Task material:

┌──

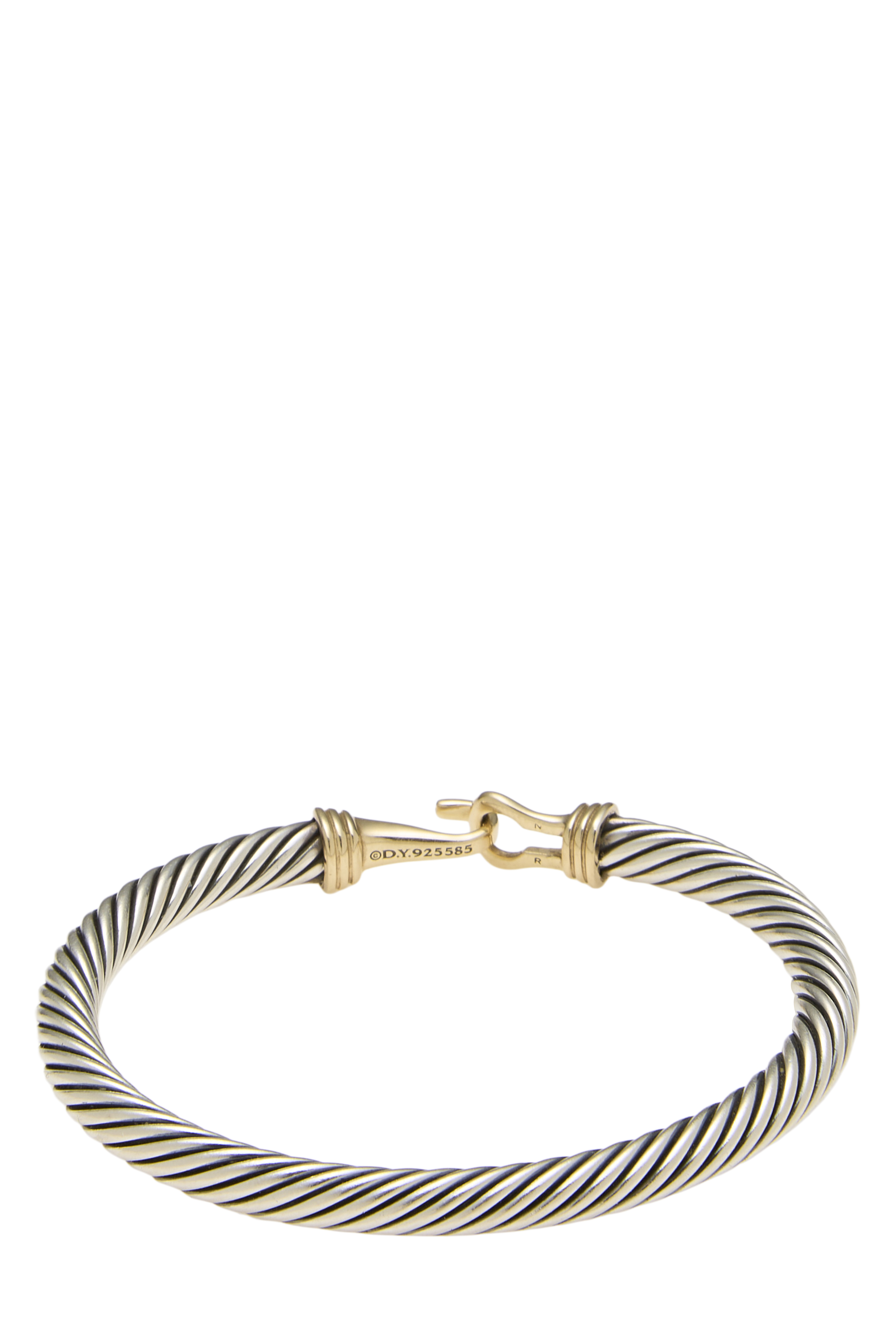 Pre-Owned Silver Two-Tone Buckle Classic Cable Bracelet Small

└──
┌──

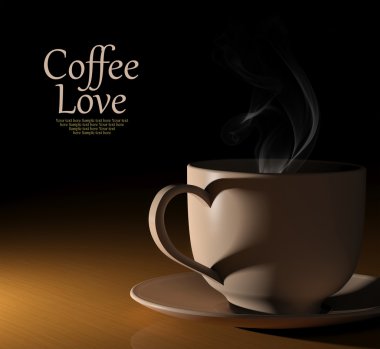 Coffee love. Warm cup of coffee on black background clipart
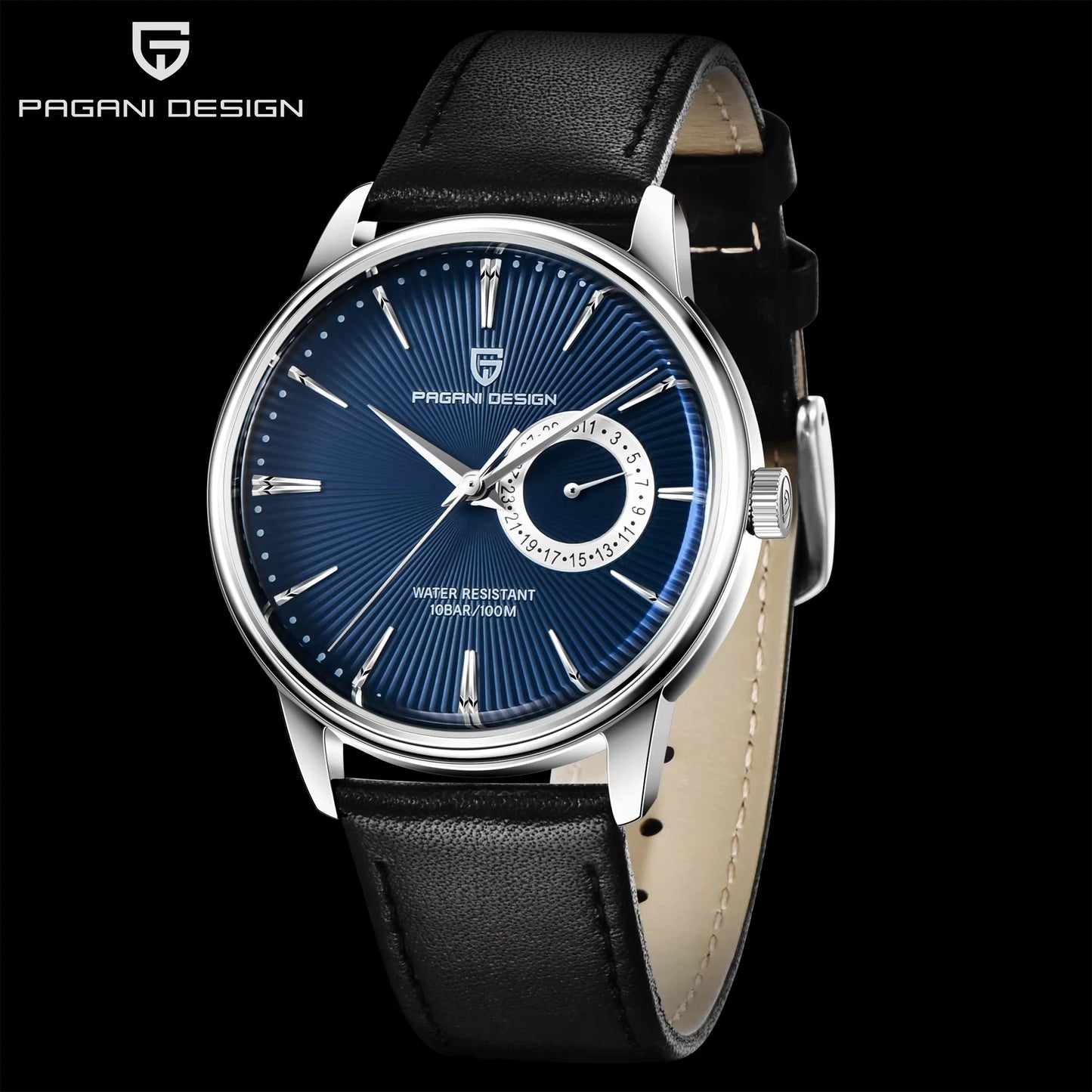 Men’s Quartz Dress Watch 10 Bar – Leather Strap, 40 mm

└──

Exercise instructions: Look above for the line containing "Coffee love. Warm", then copy exactly from it through the line containing "Men’s Quartz Dress", keeping both and leaving out pictures. Add nothing else.

Written solution:
 Coffee love. Warm cup of coffee on black background clipart
 Men’s Quartz Dress Watch 10 Bar – Leather Strap, 40 mm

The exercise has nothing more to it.